Forecasts published by the Office for Budget Responsibility in the wake of the autumn statement last week showed “net current expenditure” by English local authorities would be £106.9bn in 2016-17, down from the £111.9bn forecast by the watchdog in March.
The OBR’s latest forecast for 2017-18 spending is £106.9, down from £111.6bn in its March forecast. In 2018-19 the OBR predicts spending will fall by £4.9bn more than it forecast in March.
The revised forecasts, which have emerged as councils await the publication of the provisional local government finance settlement for 2015-16, were due in large part to a steeper-than-assumed fall in central government grants to councils.
This came after the publication of the autumn statement revealed plans to accelerate public spending cuts in a bid to balance the budget by 2018-19 and generate a surplus by 2019-20.
The OBR’s gloomy forecasts also showed local authority current spending, excluding education, public health and housing benefit, would fall from 4% of nominal GDP in 2009-10 to 2.5% by 2019-20. In 2014-15 the figure is 2.9%.
In a speech on the day of the autumn statement, OBR chair Robert Chote said there was “no robust basis” on which to assume that cuts in overall public spending were “undeliverable”.
Mr Chote noted that councils were “in aggregate still adding to their financial reserves rather than running them down.”
The OBR’s figures showed non-schools reserves would rise from 10.7% of councils’ net current expenditure in 2009-10 to 24% in 2019-20. The watchdog has assumed councils will add to their current reserves by £1.5bn in 2014-15 and will continue to add to their reserves, but by decreasing amounts, until 2018-19.
The OBR reached its figures using Treasury policy assumptions for total spending after 2015-16, assuming grants to local government remained the same as a proportion of overall spending as they were due to be in 2015-16.
The figures emerged as Paul Johnson, director of the Institute of Fiscal Studies, said public spending cuts would be made on a “colossal scale” over the next five years. This could cause the “role and shape of the state” to change “beyond recognition”, he said.
Jon Rowney, London Councils’ strategic lead for finance, procurement and performance, told LGC: “Our early analysis suggests the pace of the cuts could be steeper and faster than previously thought.” The body had previously estimated London boroughs would see a 60% reduction in core funding from central government between 2010-11 and 2018-19.

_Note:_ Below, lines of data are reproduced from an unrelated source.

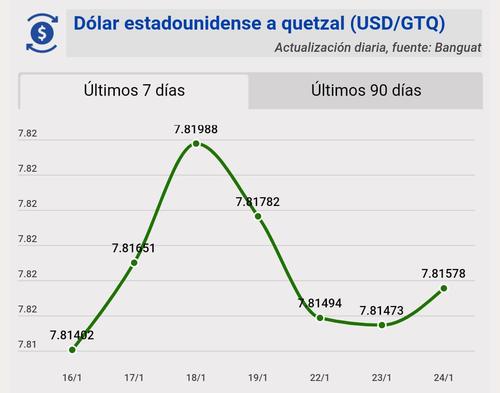 Tipo de cambio, banguat, quetzal, d&oacute;lar, hoy, 24 de enero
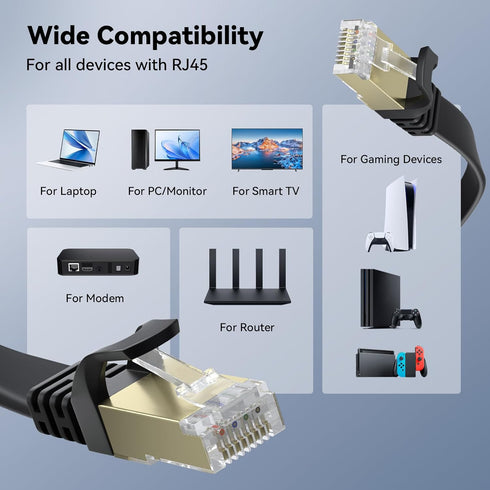 8 75 40Gbps 2000MHz Cat8 RJ45 75FT BUSOHE Cat Ethernet Cable FT, High Speed Flat Internet Network Patch Cord, SFTP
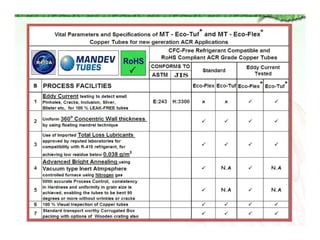 Mandev Mhal Mandev Tubes | PPT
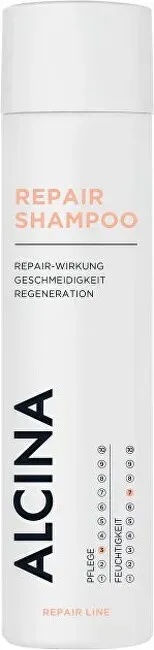 REGENERATING CHAMPIONSHIP -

Local government minister Kris Hopkins said: “What these figures actually show is a big increase in council reserves. Local authorities should of course maintain a healthy cushion when balancing the books but such substantial reserves are completely unnecessary and should be tapped into to protect frontline services and keep council tax down.
“Councils should be making creative use of reserves to address short-term costs, such as restructuring or investing now to realise savings in the longer-term.”